Il passaggio di gestione dai Tribunali agli Uffici Comunali, se hanno da una parte facilitato le procedure burocratiche ed i costi (solo € 16,00), dall’altro hanno creato un carico non indifferente agli uffici, che non avevano assolutamente previsto e quindi organizzato l’affluenza massiccia che si è vista riversare sugli stessi, allungando sempre di più i tempi di attesa.
Purtroppo i dati sono allarmanti, da Torino a Bari, per tutto lo stivale i tempi di attesa per il primo appuntamento passano dai 25 giorni a Firenze a Genova con un anno, a Bari 15 mesi! E questo è veramente una incresciosa e triste realtà che, a nostro parere, potrebbe anche portare una nuova occupazione se i Comuni, attraverso nuove assunzioni, volessero risolvere il problema delle lunghe attese realizzando infine il divorzio breve.
COSA FANNO IN EUROPA
In Italia, si sa, per sciogliere definitivamente il legame matrimoniale ci vogliono due giudizi, la separazione ed il divorzio. Con le recenti riforme sul divorzio breve, le cose sono migliorate ed i tempi di attesa fra l'uno e l'altro giudizio si sono ridotti. Tuttavia non è ancora possibile, in linea di massima, procede al divorzio immediato.
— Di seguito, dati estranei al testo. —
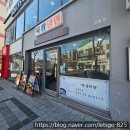 마동-32 | 익산 점심 저녁 맛집육쌈냉면 익산영등점 |익산 냉면·돌솥비빔밥·갈비탕·육개장칼국수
Ma la regola non vale per tutti e chi ha la fortuna di possedere un qualche elemento di internazionalità può tentare di divorziare, anche in Italia, con una diversa legge, che magari ammette il divorzio “lampo”.
Da tempo, infatti, (dal 2000, dopo il Trattato di Amsterdam) l'Unione Europea tenta di semplificare le procedure civili dei Paesi membri, per far sì che si possa uniformarle a beneficio del costituendo Spazio giuridico europeo.
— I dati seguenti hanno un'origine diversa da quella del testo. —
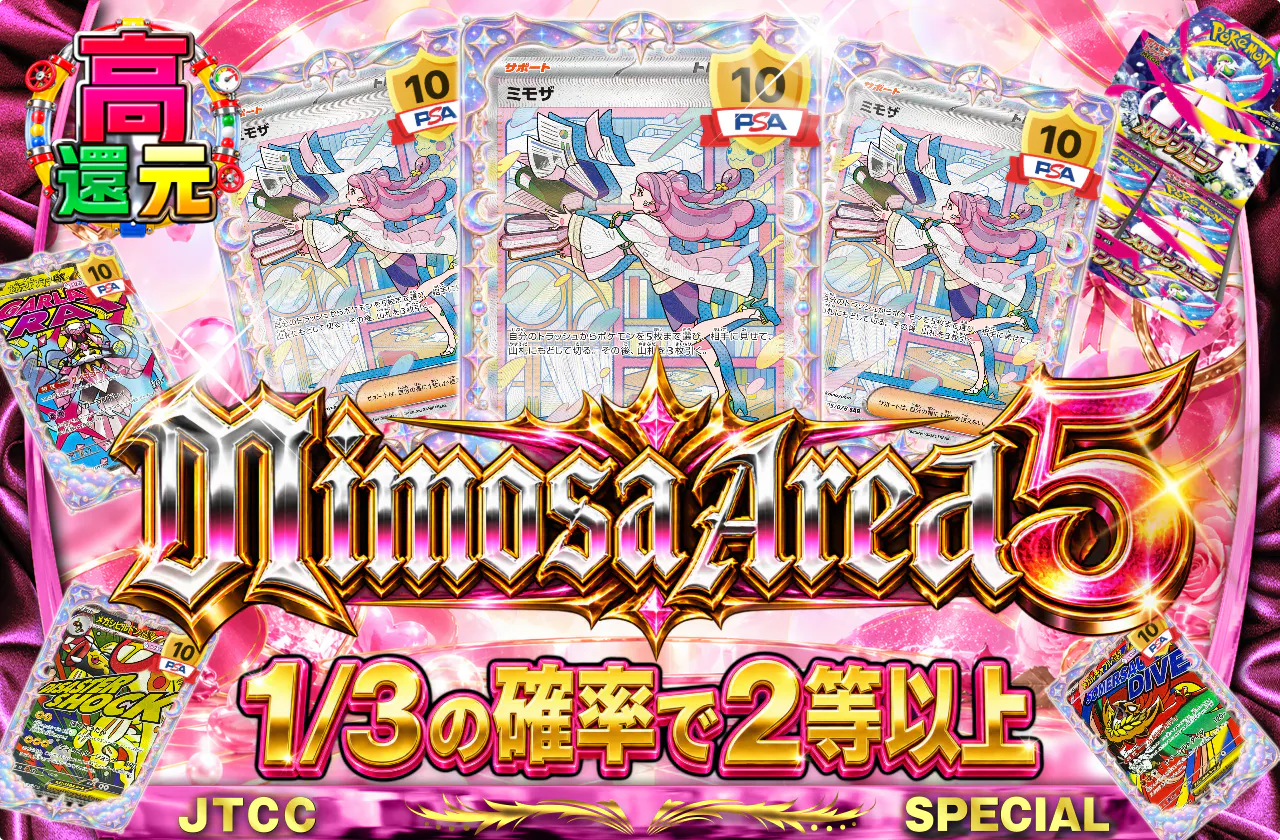 Mimosa Area5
Qual'è il giudice competente?
Con
Regolamento UE n. 2201/2003
si stabiliscono regole in merito alla giurisdizione degli Stati membri in materia di divorzio, separazione personale ed annullamento del matrimonio, oltre che all'attribuzione, all'esercizio, alla delega, alla revoca totale o parziale della responsabilità genitoriale.
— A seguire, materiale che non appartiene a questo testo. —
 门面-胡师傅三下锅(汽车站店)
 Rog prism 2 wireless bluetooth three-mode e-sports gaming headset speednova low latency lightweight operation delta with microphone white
Si stabilisce cioè quale sarà il giudice competente a decidere sulla relativa domanda giudiziale. Tale regolamento si applica a prescindere dalla volontà delle parti.
Secondo tale normativa, infatti, qualunque persona che sia o residente in uno Stato membro o cittadino di uno Stato membro può esser convenuto in un giudizio in un altro Stato membro se competente a decidere, e cioè nel caso in cui ivi si trovi:
- la residenza abituale dei coniugi, o l'ultima residenza abituale dei coniugi se uno di essi vi risiede ancora, o la residenza abituale del convenuto, o , in caso di domanda congiunta, la residenza abituale di uno dei coniugi, o la residenza abituale dell'attore se questi vi ha risieduto almeno per un anno immediatamente prima della domanda, o la residenza abituale dell'attore se questi vi ha risieduto almeno per sei mesi immediatamente prima della domanda ed è cittadino dello Stato membro stesso.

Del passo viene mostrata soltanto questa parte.